I have been, and still am, writing academic manuscripts with Multimarkdown Composer. Typically, I have one file for the Abstract, one for the Introduction and one for each of the different parts of the Results, Discussion, Materials & Methods and Figure Legends sections. For each manuscript, all those files are stored in a private git repository, so I don’t need to save multiple versions of each file: I save over top of the previous one and use version control to manage the changes. I then create an Index file, which is used by Marked to combine, in the order I want, the different parts of the manuscript into one single markdown file. I use Pandoc from the terminal to turn the markdown file into a docx file, which is what the journals we submit our manuscripts to require. I have a series of docx templates for different journals that Pandoc uses, so I can quickly reformat a manuscript for a new journal if it gets rejected by different one.
It seems to me that the idea of breaking down a long text into smaller, more manageable sections, which is what I have always been doing, is one of the core principles of Scrivener, so some time ago I purchased it, and slowly — unfortunately, I cannot take time off to learn how to use it, and as I explore Scrivener in my spare time, I keep on using my old system to avoid delays in publishing our research — I have been trying to understand how to use it best.
So far, it seems to me that by using Scrivener I could have all the different parts of each manuscript into a single Scrivener project instead of having them as separate files in a git repository. Further, Snapshots in Scrivener could be considered the equivalent of version control, and I would not need to create an Index file that tells Marked how to combine all those parts of the manuscript and export them as a single markdown file. Finally, I could still use all my docx templates with Pandoc in Scrivener, whether I write in Scrivener in markdown or in rich text (against which I have nothing).

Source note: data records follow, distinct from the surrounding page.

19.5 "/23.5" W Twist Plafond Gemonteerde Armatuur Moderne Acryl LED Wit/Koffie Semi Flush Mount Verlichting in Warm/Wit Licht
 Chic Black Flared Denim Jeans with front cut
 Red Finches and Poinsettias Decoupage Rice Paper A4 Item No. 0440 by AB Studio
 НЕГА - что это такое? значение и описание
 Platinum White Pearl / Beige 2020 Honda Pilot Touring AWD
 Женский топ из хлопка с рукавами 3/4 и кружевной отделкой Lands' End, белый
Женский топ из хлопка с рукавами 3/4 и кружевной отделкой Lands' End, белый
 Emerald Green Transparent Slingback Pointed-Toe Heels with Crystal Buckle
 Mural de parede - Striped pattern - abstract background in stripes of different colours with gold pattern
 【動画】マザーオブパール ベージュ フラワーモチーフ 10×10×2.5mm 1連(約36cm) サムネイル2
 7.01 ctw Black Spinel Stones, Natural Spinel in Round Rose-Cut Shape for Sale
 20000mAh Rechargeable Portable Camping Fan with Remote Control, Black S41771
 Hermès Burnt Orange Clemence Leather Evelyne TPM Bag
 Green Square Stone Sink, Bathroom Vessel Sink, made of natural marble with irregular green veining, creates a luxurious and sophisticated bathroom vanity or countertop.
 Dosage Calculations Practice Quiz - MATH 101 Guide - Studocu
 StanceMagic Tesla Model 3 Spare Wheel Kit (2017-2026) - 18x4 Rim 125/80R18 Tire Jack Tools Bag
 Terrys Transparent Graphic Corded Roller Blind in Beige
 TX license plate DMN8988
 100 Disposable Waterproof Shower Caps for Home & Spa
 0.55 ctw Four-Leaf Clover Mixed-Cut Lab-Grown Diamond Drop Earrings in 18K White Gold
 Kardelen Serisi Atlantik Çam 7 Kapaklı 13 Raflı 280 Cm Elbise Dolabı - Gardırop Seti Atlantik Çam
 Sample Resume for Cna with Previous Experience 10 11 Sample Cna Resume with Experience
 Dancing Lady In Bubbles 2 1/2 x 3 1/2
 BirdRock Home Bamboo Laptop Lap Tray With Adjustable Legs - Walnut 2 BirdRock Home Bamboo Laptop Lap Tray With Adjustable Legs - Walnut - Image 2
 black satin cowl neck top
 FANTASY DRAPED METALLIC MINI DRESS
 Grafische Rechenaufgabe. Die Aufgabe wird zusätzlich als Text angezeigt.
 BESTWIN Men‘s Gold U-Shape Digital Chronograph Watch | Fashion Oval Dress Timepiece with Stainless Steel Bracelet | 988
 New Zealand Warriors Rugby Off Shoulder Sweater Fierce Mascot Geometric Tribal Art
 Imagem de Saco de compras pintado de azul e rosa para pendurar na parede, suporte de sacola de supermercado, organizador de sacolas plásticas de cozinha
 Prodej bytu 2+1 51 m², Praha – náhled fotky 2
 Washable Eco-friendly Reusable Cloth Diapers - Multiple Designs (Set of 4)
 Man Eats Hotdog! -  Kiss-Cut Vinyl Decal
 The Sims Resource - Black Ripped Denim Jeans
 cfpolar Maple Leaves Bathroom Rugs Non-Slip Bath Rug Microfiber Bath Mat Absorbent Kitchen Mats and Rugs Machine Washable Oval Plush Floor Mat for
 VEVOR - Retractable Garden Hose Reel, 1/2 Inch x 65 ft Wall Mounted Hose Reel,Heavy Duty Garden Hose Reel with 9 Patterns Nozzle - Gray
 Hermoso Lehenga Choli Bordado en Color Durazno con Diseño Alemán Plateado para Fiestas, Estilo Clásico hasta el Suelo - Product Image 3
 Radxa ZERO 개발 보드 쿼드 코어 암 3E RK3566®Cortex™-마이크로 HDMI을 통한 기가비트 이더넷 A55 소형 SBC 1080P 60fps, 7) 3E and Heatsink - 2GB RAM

So I have tried to put together a Scrivener template for our manuscripts, trying to recreate what I do with Multimarkdown Composer. My use of Multimarkdown is not orthodox: for example, manuscripts formatted for submission to a journal must have a page break between the title, authors, affiliation, etc. section and the Abstract; in order to achieve that, for the Abstract heading I use a level 4 heading, which I use nowhere else in our manuscripts. In my docx templates, this is styled exactly like a level 2 heading, which is what the Abstract, Introduction, Results, Discussion, Materials & Methods and Figure Legends sections would require, but has a page break before it. Even though nonorthodox, this stratagem has allowed me to overcome limitations of Multimarkdown. I reproduced this system “verbatim” in Scrivener (please see attached .scriv project file), which results in a perfectly formatted docx file (attached in PDF format) by compiling for Multimarkdown and by processing with Pandoc using my templates. Only, as you will notice, the structure of the Manuscript folder in the Scrivener binder is a bit awkward — with all those untitled documents — and I wondered whether there were a simpler way to achieve in Scrivener what I am trying to do, without necessarily trying to recreate “verbatim” in Scrivener my old system, including its stratagems to overcome Multimarkdown limitations. For example, I have tried to use Separators to achieve that space break between the title, authors, affiliation, etc. section and the Abstract but was unable to make it work. So I thought I would turn for advice to the members of this forum, who clearly know more about Scrivener than I do, and see whether they had any suggestions on how to achieve what I am trying to achieve in Scrivener.
Finally, if it matters for your feedback, we don’t have math equations in our manuscripts; I have no use for the Research section in Scrivener (all my research material is in Bookends and Tinderbox); the References section in our manuscripts is created by adding Bookends citations in Scrivener (or, at the moment, in Multimarkdown Composer) and by scanning the final docx with Bookends; and figures are never inserted in the docx file: they are created in other programs and uploaded directly on the website of the journal’s submission system, which from the docx file and the figure files produces a PDF that is used for peer-review.
Thank you very much for your consideration.